I'm scheduled to talk about umpires and racial bias in a couple of weeks at JSM in Miami. I was hoping not to have to repeat same old things I've been talking about for the last few years, so I decided to see if there's anything new I could find. And I think I've got something, maybe. Well, I thought I had something, and it's interesting, but I now think it might be a false alarm with respect to umpires and race.

First, a quick review (and I promise it'll be quick). The Hamermesh study of racial bias (.pdf) was based on a chart that looked like this:

White Umpire-- 31.88 31.27 31.27

Hspnc Umpire-- 31.41 32.47 28.29

Black Umpire-- 31.22 31.21 32.52

All Umpires –- 31.83 31.30 31.32

The numbers are the percentage of called pitches (not swung at) that the umpire called a strike. This chart is based only on low-attendance games (less than 30,000 fans), where the study's authors found the strongest effect. It's my attempt to reproduce their results from Retrosheet data (the authors didn't provide the equivalent chart to what I have here).

If you look at the chart, you will see that, for any race of pitcher or umpire, the largest percentage of pitches are strikes exactly when the race of the umpire matches the race of the pitcher. The original study did a big regression and found that this result is indeed statistically significant. They concluded that umpires are biased in favor of pitchers of their own race (or biased against pitchers of a different race).

That's all I'm going to say about that; if you want to see my arguments, you can go here. Now, I'm going to take a different route.

Let's start by ignoring umpires for now, and just looking at the pitchers. The bottom row of the chart shows the overall called strike percentage of the pitchers. Let me repeat them here for clarity:

31.83 percent strikes -- white pitchers

31.30 percent strikes -- hispanic pitchers

31.32 percent strikes -- black pitchers

It looks like there are real differences between the pitchers. Now, it's *possible* that the entire effect is actually caused by biased umpires, but nobody really believes that, including the authors of the original study. Different pitchers have different attributes, and it's probably just that the white pitchers are such that they happen to throw more called strikes than the minority pitchers.

Moreover, it would appear that the white pitchers happen to be *better* than the minority pitchers, since their strike percentage is higher. In fact, I think I may have said this a few times in the past, that the white pitchers were more successful.

I was wrong. Actually, it's the minority pitchers who performed better, *despite* the fact that their called pitches were less likely to be strikes.

Here are the opposition batting records for each of the three groups of pitchers, normalized to 600 PA:

White .... 543 147 30 3 17 51 099 0.271 5.02

Hispanic . 541 141 28 3 17 53 108 0.261 4.71

Black .... 546 145 28 3 14 48 106 0.266 4.57

The white pitchers performed the worst, striking out fewer batters and allowing more hits and runs. The last column of the batting record is "runs created per 27 outs."

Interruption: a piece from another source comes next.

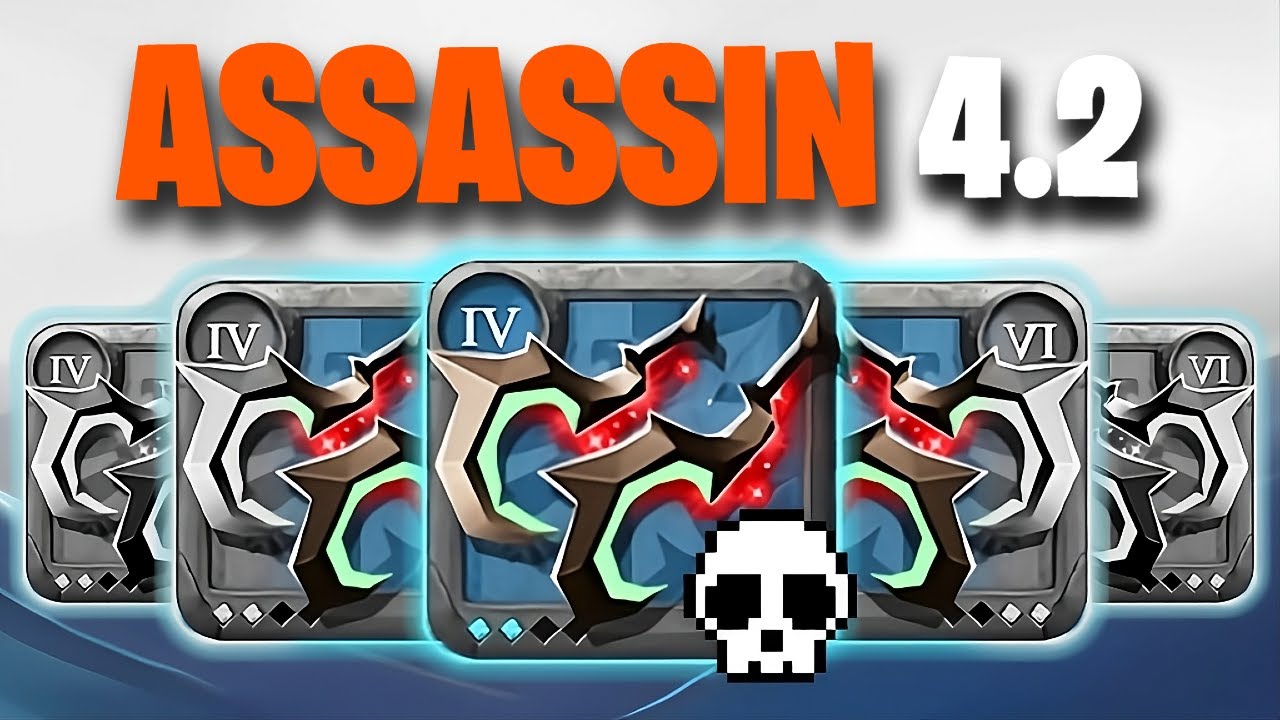 I Become a Assassin with this Build 4.2 | Albion Online PVP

What's going on? How is it that the minority pitchers did so much better despite having fewer called strikes? My first reaction was this: perhaps the relationship between called strikes and performance is *negative*. That is, maybe having lots of called strikes means you're throwing lots of pitches right down the middle of the plate, and you're getting hammered. Logically possible, right?

But it doesn't seem to be true. I ran a regression of Component ERA vs. Called Strike Percentage for starting pitchers with 100 IP or more, and the relationship goes the way you'd think: the higher the called strikes, the lower the ERA and the more successful the pitcher. In fact, it's a pretty strong relationship: every 0.1 percentage point in called strike percentage (example: from 31.83 percent to 31.93 percent) lowers ERA by 0.11. That's almost exactly what you'd expect knowing that the difference between a ball and a strike is approximately .14 runs.

So how is it that those pitchers bucked the relationship, and had a better performance despite fewer called strikes?

I think I was able to find the answer: they compensated by having more pitches swung at. As it turns out, the benefit of an extra percentage point in pitches swung at is also positive: an increase of 0.1 percent lowers ERA by 0.13 points.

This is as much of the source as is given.